By Alexis Akwagyiram

KADUNA, Nigeria (Reuters) – When Jibril had tried to escape as a boy from an institution in Nigeria that called itself a place of Islamic teachings, he said he was hung up by his arms until bones in his shoulders broke.

Another teenager, one of about 400 men and boys freed in Thursday’s police raid, said boys were often kept in chains and those caught stealing food were whipped until they bled.

“They used car engine belts and electrical cables to flog us,” 15-year-old Suleiman told Reuters, staring at the floor. “Teachers used to sexually harass us … They tried to loosen my pants once but I fought them off and was beaten.”

Horror stories are emerging about life in a two-story house in Nigeria’s northern city of Kaduna as the authorities try to find families of the victims who often spent years at the site.

Police arrested seven adults in the raid on the building, which had a sign in Arabic at the entrance declaring itself “House of Imam Ahmad Bin Hanbal for the Application of Islamic Teachings”.

Some parents paid fees, believing it was an Islamic school. Some described it as a good institution and dismissed talk of abuse. Others saw it as a correctional facility. Police and regional officials said it was not registered as either.

Despite mixed accounts about its role, the abuse reported by victims has thrown a spotlight on Nigeria’s struggle to provide enough school places for its rapidly expanding population, leaving a gap for unregulated institutions that poor parents sometimes turn to.

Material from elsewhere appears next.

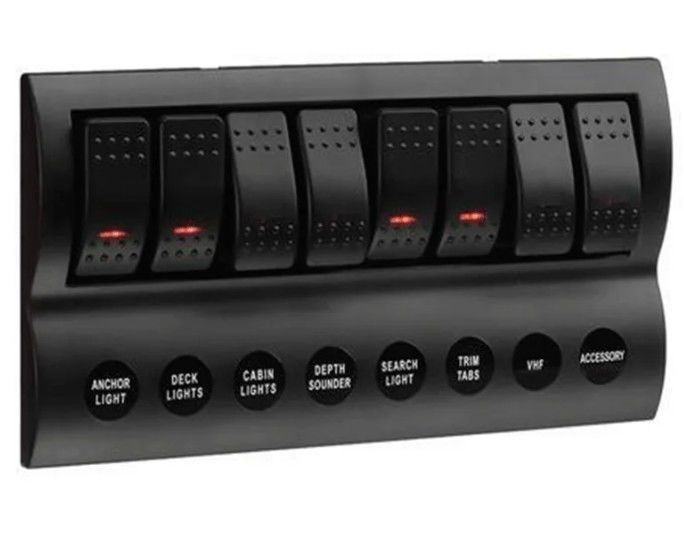PANEL DE COMUTAÇÃO INFLAÇÃO-REFLEXÃO 8 GANG com indicador LED ROCKER AUTO fusíveis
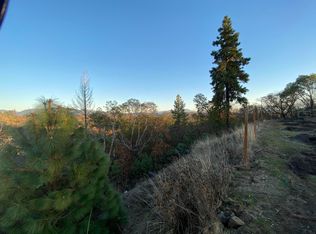 692 Cienaga Ln, Grants Pass, OR 97526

The West African nation’s population will swell from 190 million to 400 million by 2050, according to U.N. figures. Primary education is officially free but about 10.5 million Nigerian children aged five to 14 are not in school.

“Nigeria is facing a demographic tidal wave,” said Matthew Page, an associate fellow with the Africa Programme at Britain’s Royal Institute of International Affairs.

“The long-term viability of the Nigerian economy – and the state itself – hinges on the government, religious, and traditional institutions developing a plan to address this challenge before it becomes impossible to remedy,” he said.

Prior to Thursday’s police raid, those who made it out of the Kaduna institution were sometimes returned by families. Some parents said they needed to discipline wayward children and others said they were too poor to look after all their kids.

Kaduna state government said there were at least 77 boys under 18 years old held there. The youngest was five.

Reuters spoke with seven victims and five parents of those who had been inside, withholding their full names to protect their privacy.

SHACKLED

All the victims said beatings were regular and said children and men were frequently shackled. Days were dark, long and hungry: food was only served at 10 a.m. and 11 p.m.

Suleiman’s elder brother sent him to the institution five months ago for skipping school. He was signed up to board while he studied Arabic and Islam’s holy book, the Quran.

“They beat us everywhere in the house, even in the mosque. If you asked to speak with your family, they would shackle you,” said the 15-year-old, who showed sores, scabs and scars on back.

When Suleiman and three friends were caught trying to steal some garri – a staple food made from cassava shavings – they were stripped and whipped, he said.

“When the police raided the school the whole place was in pandemonium, we were so happy,” he said. “What I want now is to return home. I’ll be a good boy.”Jibril, now 17 and who was hung up for trying to escape when he was 10, said boys faced a stark choice: submit to regular sexual assault or be beaten. Jibril chose beatings.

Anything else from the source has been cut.